For expensive tasks, we’ve already made API changes to address the underlying performance problems. For example, you can’t load an object synchronously from a thread, but you can ask us to load it asynchronously and call you back, and we use one of our threads to offload the work.
Some APIs I expect to never be thread safe. For example, we can’t sanely provide a threaded API to datarefs because we can’t promise that the plugin on the other side of the call is thread-safe. Given that a dataref read function can call other datarefs or other arbitrary plugin code, the opportunity for dead-locks is limitless.
Tyler’s Fever Dream
I should mention something that Tyler has been looking at as a future SDK initiative. This is somewhere between pie-in-the-sky and a fever-dream: plugins running asynchronously in separate processes.
The idea is to have a version of the main SDK APIs that are “fundamentally asynchronous” (e.g. the response comes later and that’s baked into the contract). This would allow plugins to run in another process, with results being communicated via IPC. Out-of-process plugins would have a bunch of advantages:
- You could write a plugin in pretty much any language we can write a binding for. Right now, plugins must fit into an unmanaged DLL inside X-Plane; this would allow the full “async API” to be used in .net or even Matlab. The requirement would only be that the plugin “app” environment be able to host unmanaged C code. This is a much less difficult requirement to meet.
- Plugins would be isolated by process boundaries; if a plugin crashes, the sim keeps running. Plugins can’t go around trashing each other’s memory.
- Use of multiple cores for plugin CPU processing is basically free, because the plugins can execute in parallel.*
- Plugins can each have their own CEF instance – or any other library that doesn’t like to be multiply instantiated in a single process.
One of the major hurdles to implementing an API like this was sharing graphics across the process boundary. As it turns out, we have to solve this problem for Vulkan anyway – the same APIs that share surfaces between Metal/Vulkan and OpenGL are IPC-friendly from day 1. So a 2-d plugin OpenGL window in Vulkan doesn’t have to be in X-Plane’s process.
I don’t see async plugins ever replacing 100% of in-process plugins, and this isn’t a plan to kill off the current C API. But I do think out-of-process plugins would be a much better fit for a wide range of plugin tasks.
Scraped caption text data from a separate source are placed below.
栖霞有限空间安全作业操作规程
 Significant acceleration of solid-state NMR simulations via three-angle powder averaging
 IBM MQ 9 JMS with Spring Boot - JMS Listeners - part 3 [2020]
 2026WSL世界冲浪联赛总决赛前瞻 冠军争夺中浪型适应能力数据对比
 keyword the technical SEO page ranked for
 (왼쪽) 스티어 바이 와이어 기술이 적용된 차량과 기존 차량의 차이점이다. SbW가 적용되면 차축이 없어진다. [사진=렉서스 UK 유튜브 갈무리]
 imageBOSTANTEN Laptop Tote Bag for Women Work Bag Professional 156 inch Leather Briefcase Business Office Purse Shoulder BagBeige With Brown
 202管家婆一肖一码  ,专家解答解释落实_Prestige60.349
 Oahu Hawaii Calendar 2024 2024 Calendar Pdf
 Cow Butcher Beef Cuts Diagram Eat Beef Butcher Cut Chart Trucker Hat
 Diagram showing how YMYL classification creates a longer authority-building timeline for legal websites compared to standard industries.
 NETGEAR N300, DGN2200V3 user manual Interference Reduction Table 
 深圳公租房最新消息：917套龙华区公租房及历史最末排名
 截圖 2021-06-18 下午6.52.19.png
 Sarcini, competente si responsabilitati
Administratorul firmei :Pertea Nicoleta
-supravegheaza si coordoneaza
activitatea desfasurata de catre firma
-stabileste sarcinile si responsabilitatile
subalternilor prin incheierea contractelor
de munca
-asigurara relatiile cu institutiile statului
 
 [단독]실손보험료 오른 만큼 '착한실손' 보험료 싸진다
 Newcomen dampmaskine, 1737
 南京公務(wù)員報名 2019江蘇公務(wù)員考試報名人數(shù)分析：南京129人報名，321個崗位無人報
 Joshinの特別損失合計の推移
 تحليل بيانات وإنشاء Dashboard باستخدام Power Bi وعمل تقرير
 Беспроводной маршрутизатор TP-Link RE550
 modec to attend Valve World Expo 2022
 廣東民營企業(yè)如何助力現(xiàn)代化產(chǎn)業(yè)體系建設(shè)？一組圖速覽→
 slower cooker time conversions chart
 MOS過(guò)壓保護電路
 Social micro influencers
* Users familiar with game programming will appreciate one of the fundamental dangers here: plugins in other processes might steal oversubscribed cores from the sim itself, causing stutters and unreliable framerate. Tyler and I have talked about that a little bit, and have some ideas for taking plugin background work into account and giving plugins ways to opt in and say “please run this background work for me at a time that won’t hose framerate.”